相隔不远的一所中学挑选代表的情况基本是大同小异。
这种现象的发生,激怒了众多的学生,除了闹到工作组那里以外,隔壁中学里就有几个人,通过县里的文革办公室死缠硬磨,从另一种渠道,竟也到了北京!
1966年9月15日.自行到北京的这批学生,和着各地工作组选派的红卫兵代表,终于在天安门广场上受到了毛主席的接见。
这是毛主席的第三次接见红卫兵,相关报道刊登在人民日报上,标题是《毛主席又一次接见百万革命小将》。
其实,这种接见,象征意义大于实际意义。他们中有人后来悄悄的在私下说:“那天,我们离得远,没办法分清是谁,不知道毛主席站在哪里?只隐隐约约的见到天安门城楼有好多人。另外当时的长安街上人挤人,被人流不由自主的给推了朝前走,只有耳朵里听到有人说是毛主席在天安门城楼上接见了我们。”
这几个人回来后,立刻引发了当地学生们一个大串连的热潮。动作快的几个人一商量就走了,慢的人也在10月初陆续出发。几个同学催我同去串连,我心里也急,无奈母亲坚决不同意。母亲反对其实有她的道理,一是我年龄尚小,从未出过县城以外的地方,实在让人放心不下;二是家里很贫苦,虽然只向母亲要5元钱,但家里就是拿不出。
我家是个多子女家庭,有兄弟姐妹七个,除了大姐出嫁,大哥参加工作,剩下7张嘴仅靠父亲一个人工作养家,当时的工资是40.50元,生活过得很艰难。1965年,父亲到龄退休,工资变成了26元多,生活一下子变得更加窘迫起来。解决的办法,先是让二哥去跟人学徒,有了个吃饭地方;接着65年下半年让二姐下乡插队当知青去,又少了张吃饭的嘴。到1966年的时候,家里最大的孩子就是16岁的我,下面还有一个弟弟,一个妹妹,父亲的26元的退休工资要养活5个人,而且父亲长年患病在床。可以想象出来,我家的生活是多么艰难!要知道,当年我们家一个人一个月的生活费仅摊到5元多钱啊!想去串连向母亲要5元钱,母亲怎么拿得出呢?
而我当时幼稚,根本就没朝这个方面去想,只是一个劲儿地思考着如何去大串连,怨恨母亲不理解、不支持。
十月中旬的一天,那天是与同学约好出发的日子,我决心走了,那怕身上一分钱也没有。隔夜向母亲讲了我们的打算的时候,母亲没说一句话,不支持,也没反对。中午吃饭时,母亲不在家,也不知道到哪里去了,我匆匆的吃好饭,收拾好简单的几件洗漱用品,准备出发。
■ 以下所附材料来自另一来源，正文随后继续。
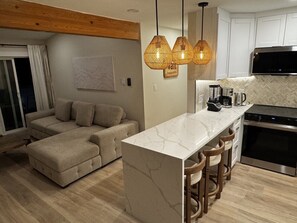 Una cocina moderna con una isla de mármol, taburetes de bar, horno empotrado y una zona de comedor con sofá.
走到门口,我家的门口是一条商业街,虽然不繁华,但也人来人往的,这时听到了一声“XX伢,等等!”啊!是母亲的声音,是在叫我!只见母亲从街的那一头快步的走到了我的面前。
“有什么事?”我的心中充满了疑惑。
母亲一句话也没说,伸手解开我的罩衫上中间的扣子,又伸手解开我穿的棉背心的中间的扣子。这件背心很有些来头了,它是我父亲结婚时做的一件长袍子,那个年代时兴穿这种衣服。后来,改做了件短大衣,由大哥穿了几年。再后来,又改做了件棉袄,给二哥穿了几年。待到我好穿的时候,破的地方已经很多,实在没法再做棉袄了,就改成了一件背心。当年穷,布票又紧张,差不多的人家都是这样,老大穿了老二穿,老二穿了再给老三穿,就象传接力棒似的。
母亲小心冀冀的把手伸到背心的反面解一个扣子,啊!我的背心那里多了个暗袋,还有暗扣可以扣住!肯定是昨夜母亲待我睡了后,为我加缝的一个暗袋。只是我马虎大意,今天早上穿衣服时竟没发现而已!
母亲从自己的衣袋里掏出了5元,还有一些粮票,折合成很小的方块状,塞进暗袋之中,再重复着把扣子一一扣上。
我知道家里没有钱,母亲从哪里去借来了5元钱?
我抬起头,看到母亲开始苍老的脸上,皱纹已经爬上她的额头,青丝中已有缕缕白发。我发现母亲的眼里已经饱含了晶莹的泪花!母亲没有哭,在对我说了句:“路上自己小心!”的话后,回头就走了。
啊!母亲啊母亲,在这之前,我的心中还在抱怨你,谁知你已在悄悄地做着支持儿子的事。家里这么穷,你还要千方百计的去借了钱为我成行。
那一天,那一刻,我真想放声大哭一场,但我没哭。未了,我拭干了眼角的泪花,带着母亲给我的5元钱,走上了大串连的路程。